Punjabi revivalists talk of reinvigorating a language that has never been able to become a written language over its long history, certainly not in the script that is understood on this side of the Punjab today. In so far as Punjabi is used as a medium of instruction in primary schools, it can go a long way in making young children from rural Punjab feel comfortable with the education system. However, continuing written instruction in Punjabi beyond that requires resources and a body of literary work that is non-existent. Young Punjabi children, once familiar with school, can easily transition to Urdu. In the light of this reality pumping resources into Punjabi, when its script still remains contentious and clunky, seems redundant.
Concluding that Punjabi children have little difficulty in picking up Urdu, the demand for Punjabi in schools is less about the difficulties that Punjabi children face in their early education and more about certain educated Punjabis’ awareness of the sense of shame the hard sounds and earthen texture their indigenous tongue excites in them, and the need to redress this.

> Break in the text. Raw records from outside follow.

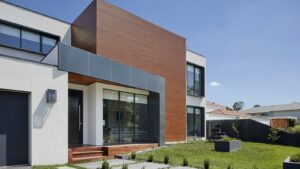 oldsmar-cost-of-homeownership - TheAlexAlvarezRealtor - TheAlexAlvarezRealtor single-family home exterior and driveway
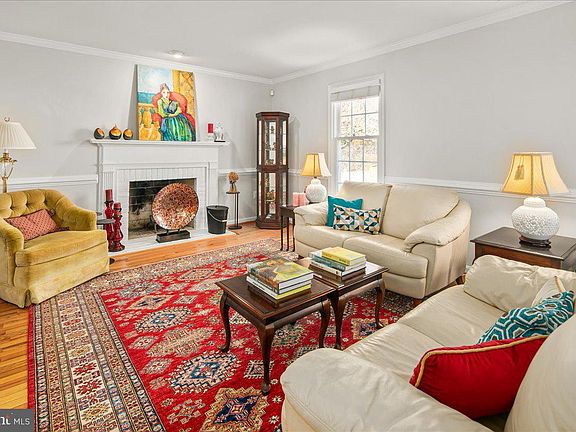 5th image of 6582 Forsythia St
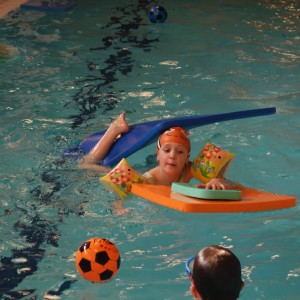 Březnová oddílovka v bazéně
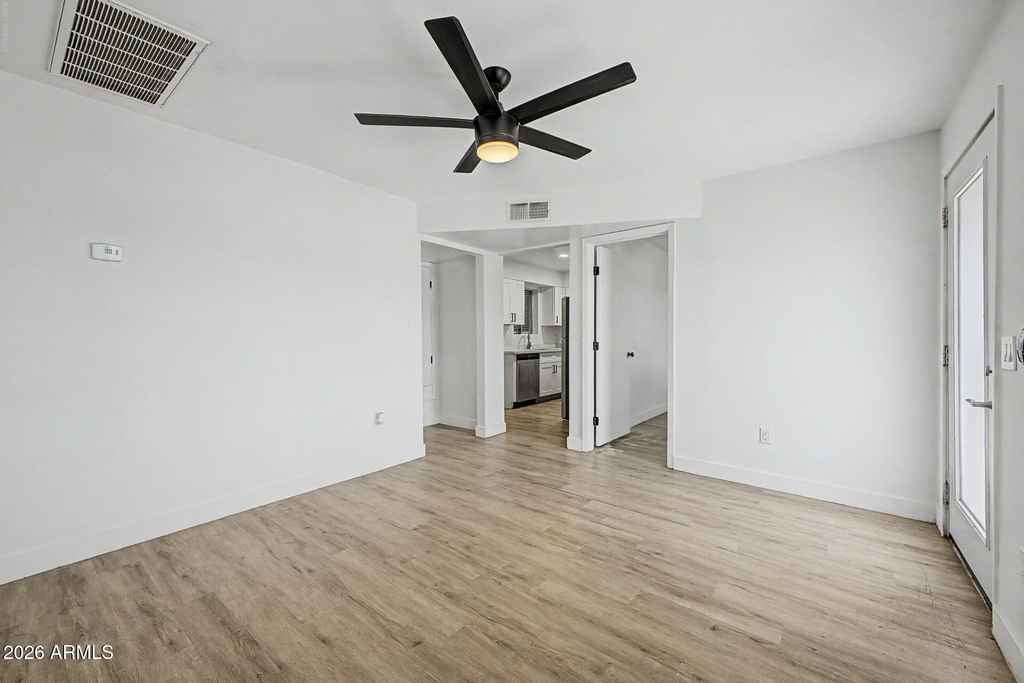 830 E Turney Avenue - Photo 5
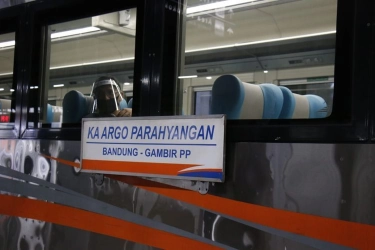 Jadwal dan Harga Tiket Kereta Jakarta-Bandung Saat Libur Sekolah Ramadhan 2025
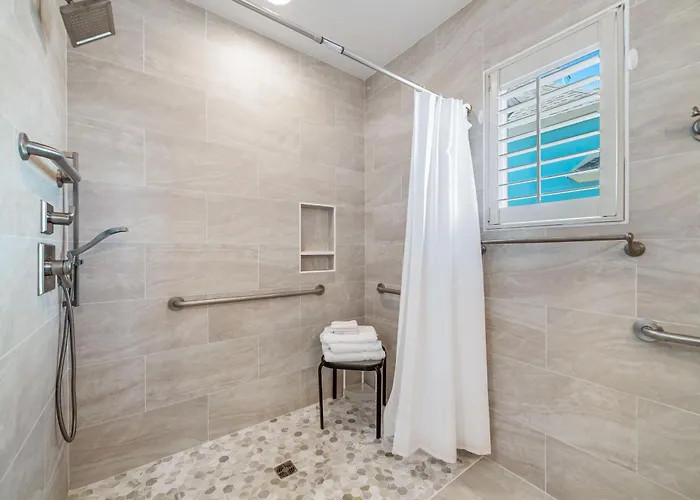 Endless Summer By Gsvr - 7br Beachfront With Pool & Handicap Access - Free Activities And Golf Holiday home Gulf Shores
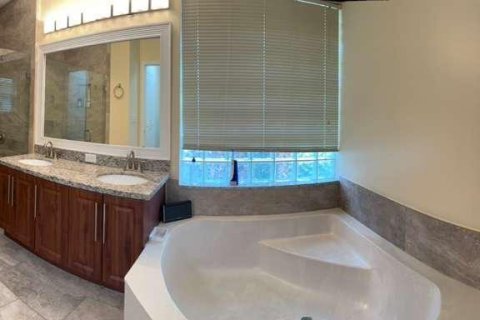 Купить виллу или дом в Корал-Спрингс, Флорида 4 спальни, 166.76м2, № 2010475 - фото 14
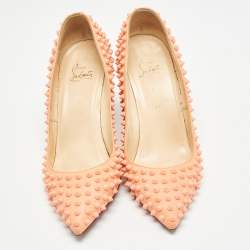 مملوكة مسبقًا Christian Louboutin Light Orange Leather Pigalle Spikes Pumps Size 40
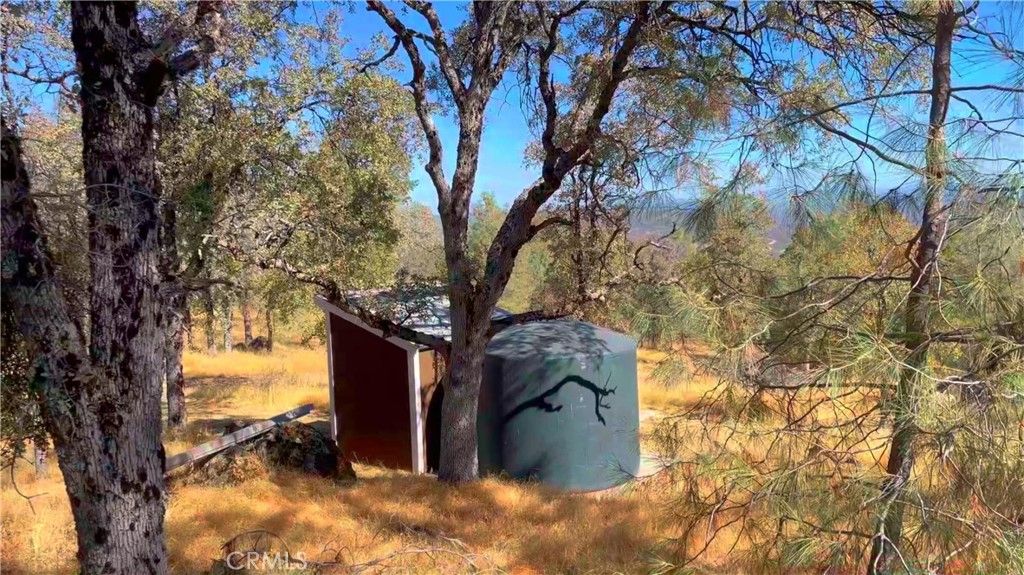 Image 14 of property listing at 5341 Paddy Hill Road, Mariposa, CA 95338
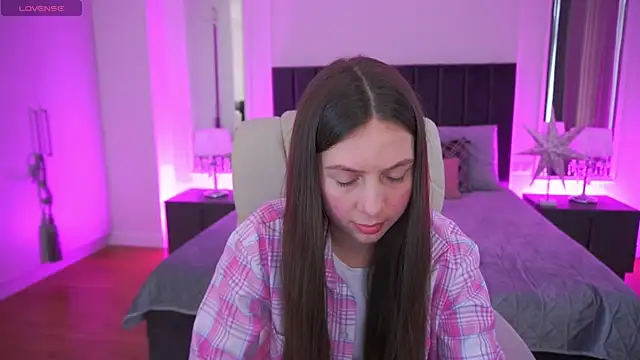 Snapshot of BabyLumi chatting on 04/02/26, 01:31 BabyLumi online show from 04/02/26, 01:31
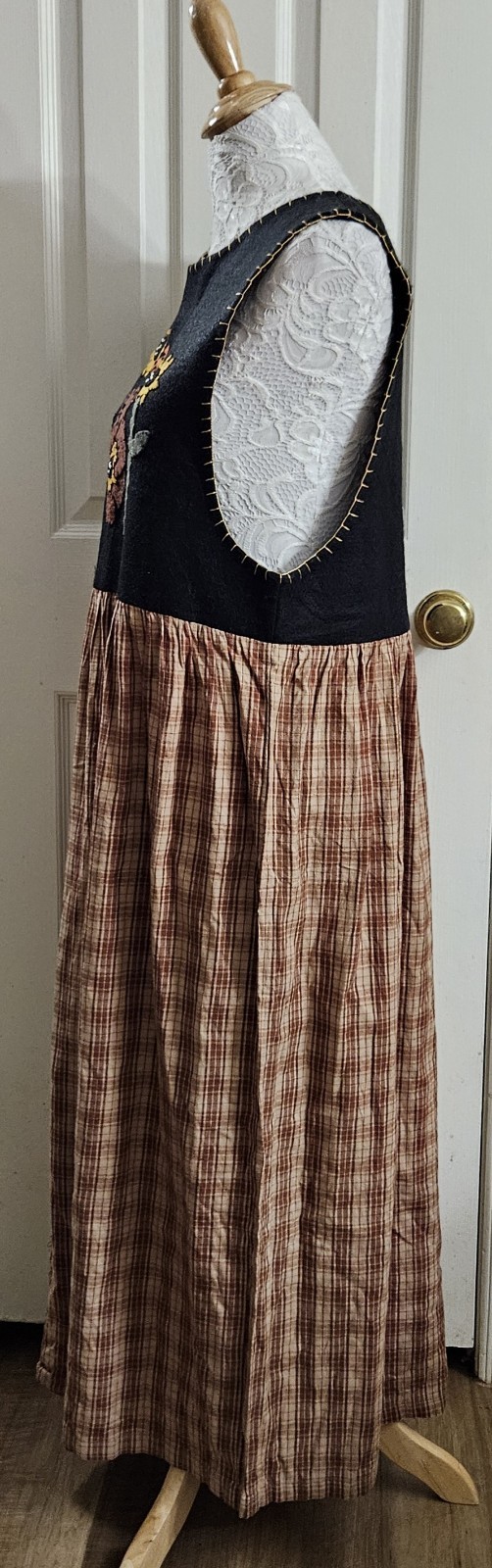 Bear Appliqued Jumper Dress Vintage 1980s Cottagecore Hand Crafted Sz. M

Teaching Punjabi in schools is not the answer to getting over this inferiority complex, the same complex that urban Sindhis have about Urdu. A posh private school in Lahore teaches Punjabi to its students in grades 7 and 8. This makes its students want to speak in Punjabi as much as a Karachi kid on the right side of the divide wants to speak Urdu just because it is taught in school. Languages, and why they spread, is a function of power. For a language to be desirable it needs to be lucrative and it needs to capture the imagination of the young through its popular culture. Currently most of Pakistan’s upcoming music and literature produced by and for the young is in English. Vital Signs’ Urdu and Abrar-ul-Haq’s Punjabi are relics of the past. No literature or popular television show for children or young adults exists in either Urdu or Punjabi. The last time any Pakistani child cared about a show in a local language was when ‘Ainak Waala Jinn’ was aired back in 1993. If the government or activist individuals are serious about reviving Punjabi (or saving Urdu) they need to invest their money in adventurous creatives who can bring a freshness to these languages’ idioms and create cultural icons that the young can follow and mimic. That is what Punjabi and Urdu advocates need to look into. Merely barking up the textbook tree will only yield limited and mostly ineffective results.